Sierras de Mahoma – Mahoma Hills

Sierras de Mahoma – Mahoma Hills

The Orientals left their mark on the Sierras de Mahoma during the exodus that was headed by the hero of the homeland, José Gervasio Artigas. That is just one of the attractions that a guided visit of these lands has, with unique landscapes, caves, lakes and paths. The place also was the scene of the war in 1904, betweem the ranks of the Nacional and Colorado political parties. Attractions like the stone wall, in a natural context of native vegetation and fauna, coexist with energy places ideal for mediation. You can take the tour on your own account, paying a minimum fee, or hire a guide, either a personal one or as part of a group. The guided tour takes between 90 and 120 minutes.

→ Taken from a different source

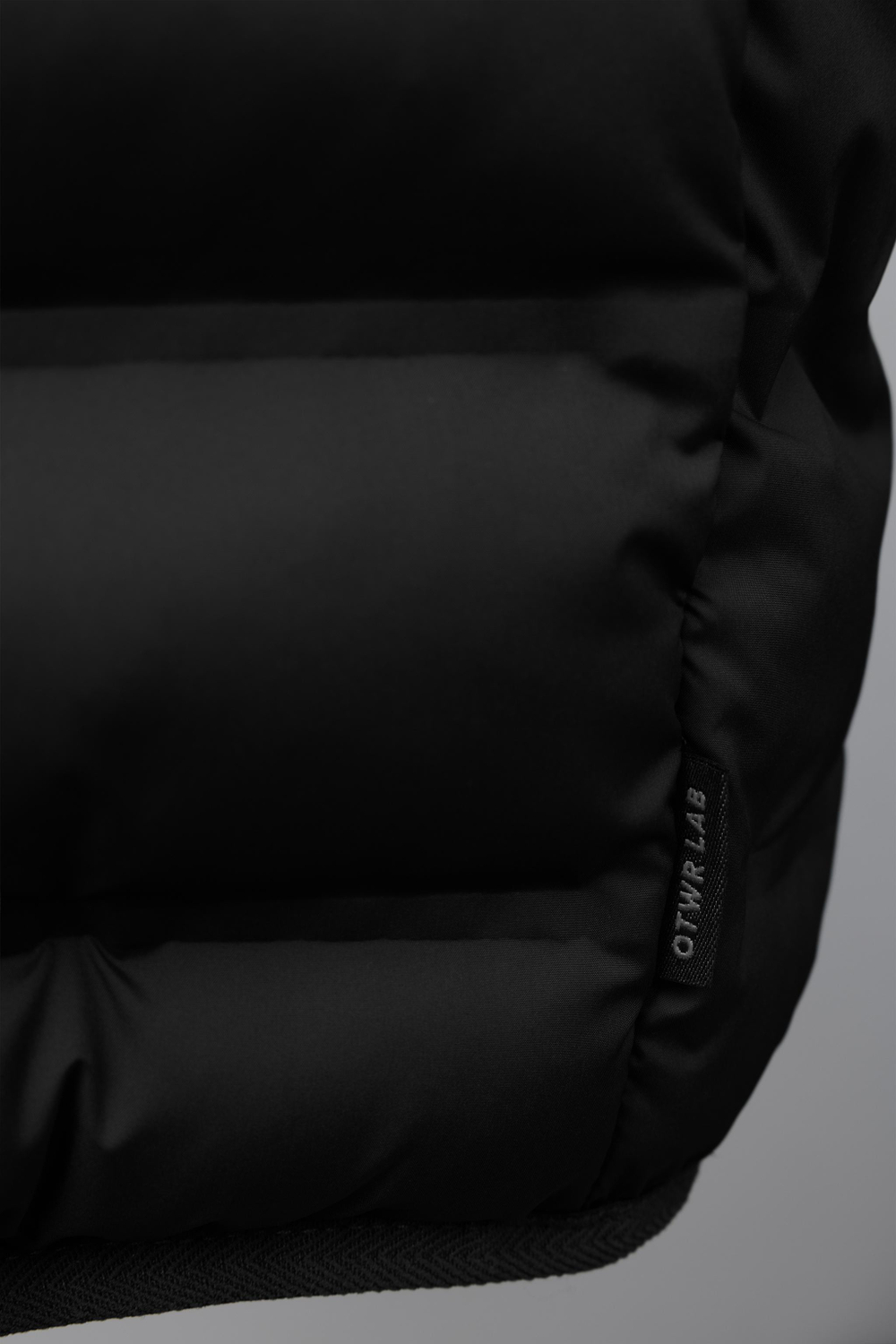 ZARA ЛЕГКИЙ ЖИЛЕТ С КАПЮШОНОМ WATER REPELLENT, ЧЕРНЫЙ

You can also take the trip on horseback or enjoy the campsite and camp fires which are available. The entrance to the hills is through an inn at kilometer 126 on Route 23.

Kiyú Resort

Kiyú Resort

At 14 kilometers on Route 1 (entrance at kilometer 61), Kiyú provides an attractive coast on the Río de la Plata, with white sand crowned by gullies of up to 50 meters. It is a place of calm water, suitable for the whole family. In addition, the more adventurous can enter the gullies through some wild trails. The highest points are the preference of para-gliders and hand-gliders.

Boca del Cufré

Boca del Cufré

“Certified Natural Beach for Environmental Management”. With this title that the Boca del Cufré resort has won, the good quality of the water, sand, services and security is guaranteed. It is located on the outlet of the Cufé stream, in the Río de la Plata. In addition to being an exceptional place for bathing, you can do other activities such as canoeing, fishing and camping. Entrance from kilometer 100 on Route 1.

Macció Theater

Macció Theater

With spectacular acoustics and a magnificent view from any point in the room, the Bartolomé Macció Theater stands in the capital of San José as a bastion of Maragata and national culture. It has the special distinction that Carlos Gardel sang on its stage for the last time in Uruguay. On accessing its installations you are surprised by the weight of the Italian plush curtain and the great size of the Murano crystal chandelier which is reminiscent of the opulence of yesteryear. The hall was inaugurated in 1912 with words from the poet Juan Zorrilla de San Martín, before the watchful eye of the authorities and figures of the national culture. Since then, there has been theater plays, cinema and even dances on its stage. Witness of the ups and downs of a century, the Macció Theater was closed between 1965 and 1973 because of its deterioration, but in 2010 it had a complete restoration, to return to reign as a first class international stage. Address: 18 de Julio and 25 de Mayo (San José).